■ Exercise directions
Look below for the line that has "a living room"; output exactly from it through the line that has "Foto av ett", and leave the pictures out.

■ Data for this task
········
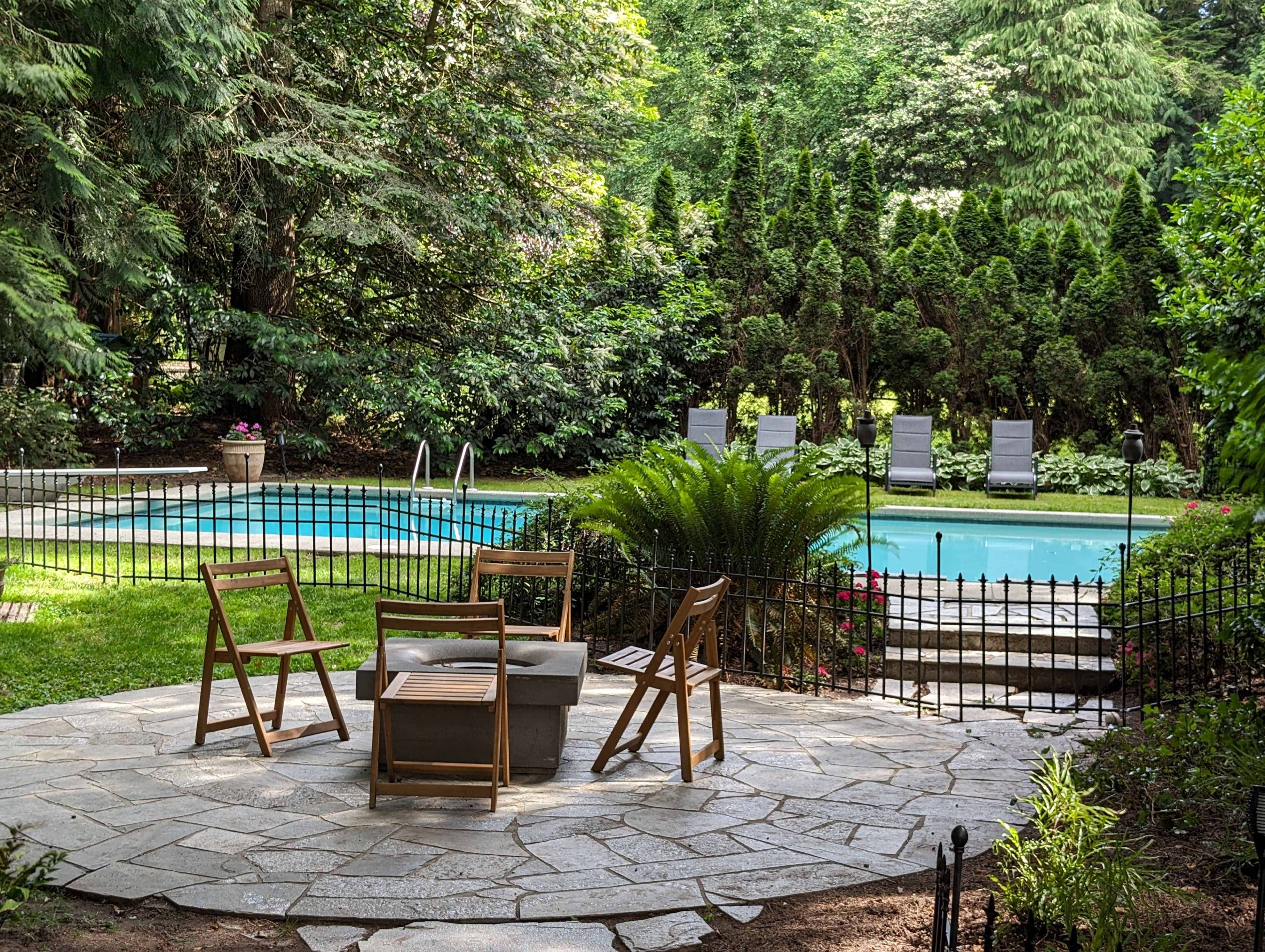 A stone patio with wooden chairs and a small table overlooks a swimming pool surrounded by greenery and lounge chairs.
········
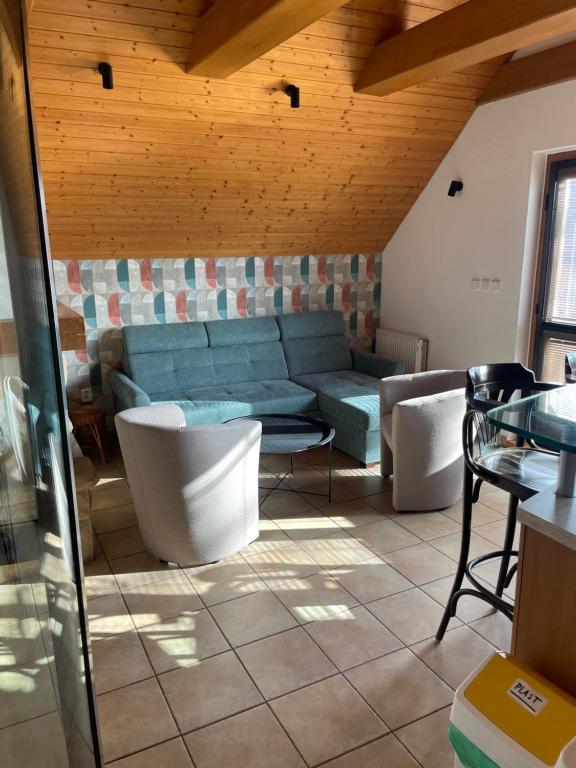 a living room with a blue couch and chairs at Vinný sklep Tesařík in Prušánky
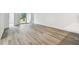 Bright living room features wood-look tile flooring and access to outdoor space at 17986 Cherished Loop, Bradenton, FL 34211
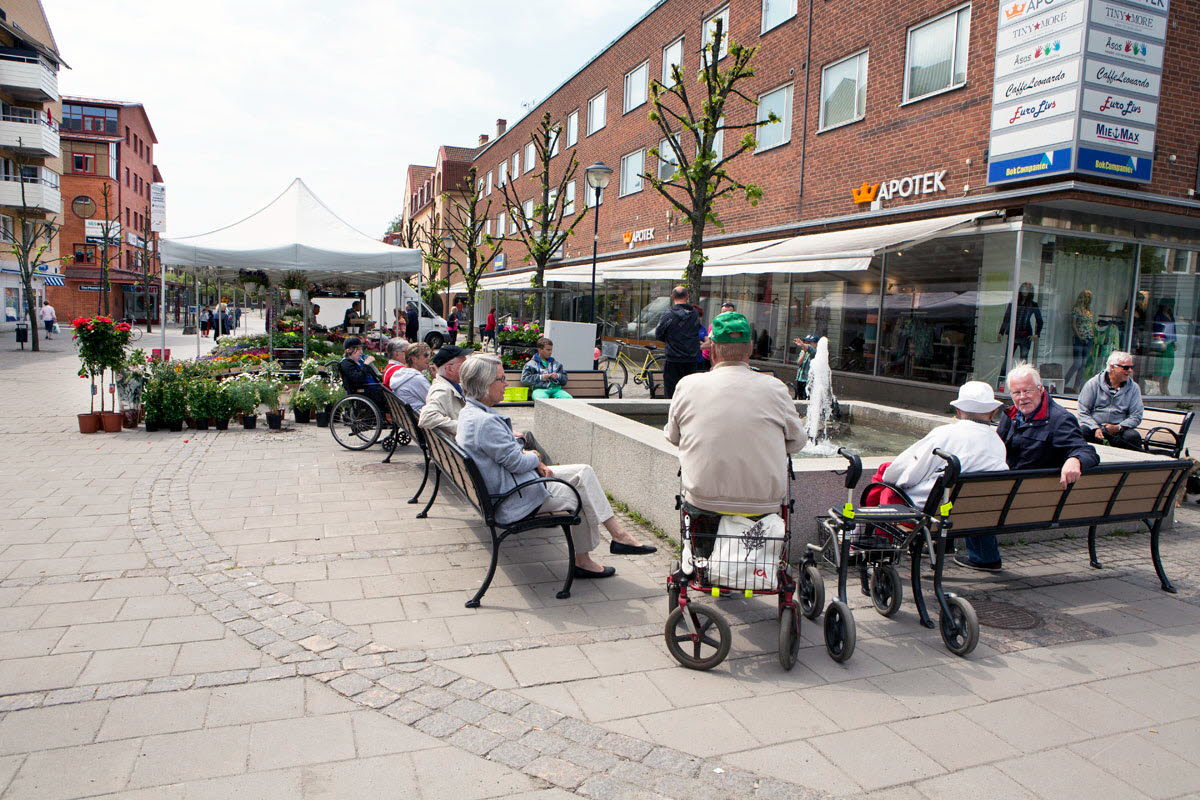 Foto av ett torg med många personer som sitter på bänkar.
········
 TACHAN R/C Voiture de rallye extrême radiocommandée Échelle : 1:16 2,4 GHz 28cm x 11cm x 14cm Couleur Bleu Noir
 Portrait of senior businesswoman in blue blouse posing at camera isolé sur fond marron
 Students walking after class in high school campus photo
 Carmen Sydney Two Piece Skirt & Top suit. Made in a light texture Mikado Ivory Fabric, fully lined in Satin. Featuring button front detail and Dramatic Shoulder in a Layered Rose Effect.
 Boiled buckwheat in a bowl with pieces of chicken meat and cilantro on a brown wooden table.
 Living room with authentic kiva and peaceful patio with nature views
········
■ Exercise answer
 a living room with a blue couch and chairs at Vinný sklep Tesařík in Prušánky
 Bright living room features wood-look tile flooring and access to outdoor space at 17986 Cherished Loop, Bradenton, FL 34211
 Foto av ett torg med många personer som sitter på bänkar.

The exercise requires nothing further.